Re: Get more from indices.

From: Tom Lane <tgl(at)sss(dot)pgh(dot)pa(dot)us>
To: Kyotaro HORIGUCHI <horiguchi(dot)kyotaro(at)lab(dot)ntt(dot)co(dot)jp>
Cc: fujita(dot)etsuro(at)lab(dot)ntt(dot)co(dot)jp, robertmhaas(at)gmail(dot)com, pgsql-hackers(at)postgresql(dot)org
Subject: Re: Get more from indices.
Date: 2014-04-15 22:10:17
Message-ID: 5212.1397599817@sss.pgh.pa.us
Views: Raw Message | Whole Thread | Download mbox | Resend email
Thread:
Lists: pgsql-hackers

Kyotaro HORIGUCHI <horiguchi(dot)kyotaro(at)lab(dot)ntt(dot)co(dot)jp> writes:
> [ pathkey_and_uniqueindx_v10_20130411.patch ]

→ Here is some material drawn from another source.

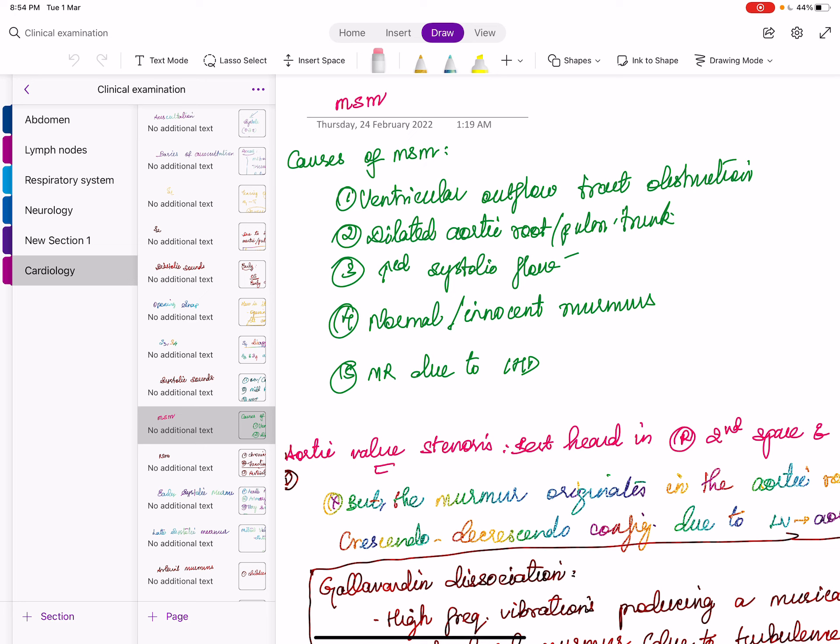A calcified valve with an opening snap still heard — is it possible? Yes, if it is due to tricuspid stenosis. The mitral valve may be calcified on echo, but opening snap persists because the tricuspid valve is still pliable. Opening snap can be produced by opening of the anterior mitral leaflet or anterior tricuspid leaflet. If opening snap is present with a calcified mitral valve, think tricuspid stenosis.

I thought some more about this patch, and realized that it's more or less
morally equivalent to allowing references to ungrouped variables when the
query has a GROUP BY clause listing all the columns of the primary key.
In that case the parser is effectively pretending that the GROUP BY list
contains additional implicit entries that are functionally dependent on
the entries that are actually there. In this patch, what we want to do
is recognize that trailing entries in an ORDER BY list are semantically
no-ops and can be ignored because they are functionally dependent on
earlier entries.

Now, the reason that the parser restricts the functional dependency
deduction to a primary key is that it wants to be able to identify a
constraint OID that the query is dependent on to be semantically valid.
In this case, we don't need such an OID, so just finding any old unique
index on not-null columns is good enough. (If someone drops the index,
the optimization might become incorrect, but that would force replanning
anyway.)

However, this way of thinking about it shows that the patch is missing
possible optimizations. If we have "ORDER BY a, b, c" and (a,b) is the
primary key, then including c in the ORDER BY list is semantically
redundant, *whether or not we use an indexscan on the pkey index at all*.
More: if we have "ORDER BY a, b, c" and the primary key is (b,a), we
can still discard c from the sort requirement, even though the pkey
index as such isn't helpful for producing the required order.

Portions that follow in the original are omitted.